Quem seria, por exemplo, o Carlinhos Cachoeira do Rio de Janeiro? Quem
seria o Carlinhos Cachoeira dentro do governo federal? Sim, estava e
está patente: o nome do grande esquema criminoso é Delta, com seu
impressionante laranjal.
O furor
investigativo diminuiu muito, não custa lembrar, quando vieram a público
as folias físicas e metafísicas da “Turma do Lenço” de Paris, vocês
devem lembrar. As cenas do governador Sérgio Cabral dançando “Na
Boquinha da Garrafa” com Fernando Cavendish entrarão para a história de
quem decidir contar a história a sério. Quase todo mundo passou a olhar
para o outro lado, inclusive setores consideráveis da imprensa.
Não custa
lembrar: um senador da República foi cassado, E MUITO BEM CASSADO!!!,
porque flagrado criando facilidades a um contraventor, mas um alto
executivo do Dnit, Luiz Antonio Pagot, afirmou com todas as letras que,
no cargo, atuou para fazer caixa para a campanha de Dilma Rousseff em
2010. E ficou tudo por isso mesmo.
Em suma: a
CPI que o PT criou para melar o processo do mensalão, para “pegar” a
imprensa, o STF, o procurador-geral e ministros do STF (e valia tudo
para isso, muito especialmente a mentira) começava a acumular explosivos
nos subterrâneos do Palácio do Planalto. Então foi preciso mudar o rumo
da prosa.
Aqueles
fiozinho de independência que Cunha parecia ter de início desapareceu, e
ele se tornou mero esbirro da máquina de sujar reputações. O PT, como
sabem, é assim: oferece a sua lavanderia de biografias para tipos como
José Sarney e Fernando Collor e acusa Cristo de charlatanismo se isso,
num dado momento, lhe parecer conveniente.
O
resultado é este que se vê: tudo devidamente pesado, a coisa para eles
está de bom tamanho considerando o que ficou escondido na Caixa de
Pandora: um senador da oposição foi para o brejo, um governador tucano
saiu lanhado, e a Al Qaeda eletrônica aproveitou para satanizar um pouco
mais a imprensa independente. Não conseguiram o objetivo principal,
aquele prometido por Lula, que era sacudir a República e interferir no
placar do STF no julgamento do mensalão. Mas até isso ficou em segundo
plano quando se descobriu o potencial explosivo do esquema Delta — a
empresa segue sendo a terceira que mais recebe do PAC.
O fim da
CPI é mais do que melancólico. Trata-se do triunfo escancarado da
impunidade, ao menos no ambiente do Congresso. A comissão não podia, por
si, punir ninguém, mas lhe cabia dizer o que, por ali, se considera
inaceitável. E tudo, como se nota, parece… aceitável. O que se reuniu, e
é muito pouco, vai para o Ministério Público.
Note-se,
adicionalmente, que as instituições saem um pouco mais rebaixadas —
escrevi nesta manhã sobre a lenta e contínua deterioração institucional.

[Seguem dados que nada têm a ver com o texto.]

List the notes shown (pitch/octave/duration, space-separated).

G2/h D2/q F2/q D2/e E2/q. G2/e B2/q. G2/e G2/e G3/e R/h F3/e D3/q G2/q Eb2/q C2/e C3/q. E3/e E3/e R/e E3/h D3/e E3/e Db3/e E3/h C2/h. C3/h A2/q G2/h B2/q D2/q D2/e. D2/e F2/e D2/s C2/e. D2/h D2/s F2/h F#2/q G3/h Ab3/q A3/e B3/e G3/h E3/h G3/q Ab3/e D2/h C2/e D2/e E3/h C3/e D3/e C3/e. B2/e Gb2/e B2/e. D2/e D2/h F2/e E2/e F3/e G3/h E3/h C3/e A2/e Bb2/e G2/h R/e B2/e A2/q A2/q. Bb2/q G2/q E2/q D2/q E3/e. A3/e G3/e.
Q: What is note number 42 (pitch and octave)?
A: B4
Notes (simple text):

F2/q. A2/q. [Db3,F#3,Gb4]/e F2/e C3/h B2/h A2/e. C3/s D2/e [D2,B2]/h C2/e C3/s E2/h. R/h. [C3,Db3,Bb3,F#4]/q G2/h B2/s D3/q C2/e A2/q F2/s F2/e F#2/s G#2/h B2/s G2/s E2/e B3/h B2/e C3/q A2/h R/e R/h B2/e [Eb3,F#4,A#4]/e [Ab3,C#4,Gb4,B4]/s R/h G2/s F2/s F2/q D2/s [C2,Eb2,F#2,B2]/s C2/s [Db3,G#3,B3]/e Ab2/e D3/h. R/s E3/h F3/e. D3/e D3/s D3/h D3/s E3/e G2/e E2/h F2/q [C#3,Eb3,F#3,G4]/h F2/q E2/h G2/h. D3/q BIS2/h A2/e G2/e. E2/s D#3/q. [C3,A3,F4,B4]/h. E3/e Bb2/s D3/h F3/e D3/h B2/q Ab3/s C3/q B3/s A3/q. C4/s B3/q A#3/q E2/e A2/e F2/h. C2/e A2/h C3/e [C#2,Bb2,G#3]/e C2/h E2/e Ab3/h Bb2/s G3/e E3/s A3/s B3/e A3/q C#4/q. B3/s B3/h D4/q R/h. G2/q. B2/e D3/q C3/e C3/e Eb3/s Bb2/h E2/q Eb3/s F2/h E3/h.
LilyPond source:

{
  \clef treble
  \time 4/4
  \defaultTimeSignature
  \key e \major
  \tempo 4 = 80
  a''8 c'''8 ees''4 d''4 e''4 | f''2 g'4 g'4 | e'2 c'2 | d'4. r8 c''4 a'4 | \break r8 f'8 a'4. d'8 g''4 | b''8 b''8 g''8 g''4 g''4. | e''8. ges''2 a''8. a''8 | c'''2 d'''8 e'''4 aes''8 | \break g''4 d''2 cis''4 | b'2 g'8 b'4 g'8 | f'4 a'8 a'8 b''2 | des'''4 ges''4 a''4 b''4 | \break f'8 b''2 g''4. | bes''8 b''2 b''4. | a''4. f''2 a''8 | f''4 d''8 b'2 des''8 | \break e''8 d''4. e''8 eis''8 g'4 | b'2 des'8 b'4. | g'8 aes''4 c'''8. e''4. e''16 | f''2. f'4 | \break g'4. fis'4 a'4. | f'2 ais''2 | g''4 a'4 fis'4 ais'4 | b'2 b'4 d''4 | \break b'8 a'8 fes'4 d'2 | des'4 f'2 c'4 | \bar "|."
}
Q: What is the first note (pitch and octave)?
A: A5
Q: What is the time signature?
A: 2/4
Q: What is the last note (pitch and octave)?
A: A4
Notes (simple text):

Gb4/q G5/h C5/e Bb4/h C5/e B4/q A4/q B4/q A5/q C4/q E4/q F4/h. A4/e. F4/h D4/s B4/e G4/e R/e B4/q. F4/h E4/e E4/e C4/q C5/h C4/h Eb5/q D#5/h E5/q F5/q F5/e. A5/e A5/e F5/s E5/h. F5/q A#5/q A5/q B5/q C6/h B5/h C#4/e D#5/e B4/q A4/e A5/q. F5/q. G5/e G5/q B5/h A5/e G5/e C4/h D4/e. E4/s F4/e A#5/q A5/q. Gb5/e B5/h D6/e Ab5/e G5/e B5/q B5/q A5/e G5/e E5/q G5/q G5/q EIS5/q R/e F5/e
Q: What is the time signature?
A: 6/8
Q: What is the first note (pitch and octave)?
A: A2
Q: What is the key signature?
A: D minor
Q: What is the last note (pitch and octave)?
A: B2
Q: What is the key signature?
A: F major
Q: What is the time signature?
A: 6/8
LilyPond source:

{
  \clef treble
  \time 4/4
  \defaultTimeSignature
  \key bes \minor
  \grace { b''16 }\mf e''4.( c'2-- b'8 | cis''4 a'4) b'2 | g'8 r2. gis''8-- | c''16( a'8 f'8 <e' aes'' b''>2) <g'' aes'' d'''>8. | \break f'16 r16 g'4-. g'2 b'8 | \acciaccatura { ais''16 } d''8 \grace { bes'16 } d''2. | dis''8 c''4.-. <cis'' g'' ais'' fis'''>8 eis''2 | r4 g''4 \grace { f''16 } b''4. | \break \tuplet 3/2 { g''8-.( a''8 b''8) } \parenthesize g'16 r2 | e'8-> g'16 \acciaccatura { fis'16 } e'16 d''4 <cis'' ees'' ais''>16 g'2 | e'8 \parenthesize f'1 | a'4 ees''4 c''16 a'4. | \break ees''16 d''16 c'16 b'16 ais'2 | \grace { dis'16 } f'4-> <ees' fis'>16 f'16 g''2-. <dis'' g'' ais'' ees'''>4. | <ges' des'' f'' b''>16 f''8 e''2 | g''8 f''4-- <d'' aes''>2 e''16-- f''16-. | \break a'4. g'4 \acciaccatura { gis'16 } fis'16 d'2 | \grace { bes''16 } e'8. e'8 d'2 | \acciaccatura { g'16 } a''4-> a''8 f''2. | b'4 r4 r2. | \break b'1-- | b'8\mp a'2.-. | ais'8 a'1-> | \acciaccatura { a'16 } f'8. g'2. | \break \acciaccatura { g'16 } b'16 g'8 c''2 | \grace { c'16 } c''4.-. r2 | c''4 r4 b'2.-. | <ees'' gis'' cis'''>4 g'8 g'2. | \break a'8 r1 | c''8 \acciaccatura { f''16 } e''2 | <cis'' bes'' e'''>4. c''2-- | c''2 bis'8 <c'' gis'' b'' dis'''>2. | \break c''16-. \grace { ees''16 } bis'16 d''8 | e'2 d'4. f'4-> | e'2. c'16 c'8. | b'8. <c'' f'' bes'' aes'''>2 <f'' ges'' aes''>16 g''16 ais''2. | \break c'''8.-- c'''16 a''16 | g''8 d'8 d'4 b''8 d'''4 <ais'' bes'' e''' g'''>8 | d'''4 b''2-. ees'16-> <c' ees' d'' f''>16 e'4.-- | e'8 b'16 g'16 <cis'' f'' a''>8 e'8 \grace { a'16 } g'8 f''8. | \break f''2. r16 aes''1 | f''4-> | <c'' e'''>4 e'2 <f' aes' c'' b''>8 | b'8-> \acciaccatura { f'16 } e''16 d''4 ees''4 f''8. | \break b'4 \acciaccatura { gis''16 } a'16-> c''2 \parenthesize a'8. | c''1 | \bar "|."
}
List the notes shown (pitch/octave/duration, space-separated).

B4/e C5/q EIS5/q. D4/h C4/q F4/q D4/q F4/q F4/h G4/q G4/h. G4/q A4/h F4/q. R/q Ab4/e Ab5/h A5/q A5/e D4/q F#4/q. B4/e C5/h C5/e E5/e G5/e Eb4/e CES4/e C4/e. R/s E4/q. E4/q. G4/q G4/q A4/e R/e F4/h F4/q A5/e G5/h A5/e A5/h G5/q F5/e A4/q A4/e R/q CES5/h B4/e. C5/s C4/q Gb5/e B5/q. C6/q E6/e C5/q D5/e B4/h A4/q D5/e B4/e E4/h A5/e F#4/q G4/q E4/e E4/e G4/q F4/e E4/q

Pela primeira vez na história, a maioria decidiu fazer uma CPI para
perseguir a minoria, o que já é um assombro. Instalada a comissão, essa
mesma maioria começou, involuntariamente, a produzir fatos contra si
mesma. Então decidiu dar um golpe dentro do golpe, selecionando alguns
alvos no relatório final. A iniciativa soou tão escandalosa que não
prosperou.
A Odair
Cunha não restou outra alternativa que não o vexame do relatório nenhum.
Eis o PT contribuindo para um Brasil mais justo, mais sóbrio e mais
digno.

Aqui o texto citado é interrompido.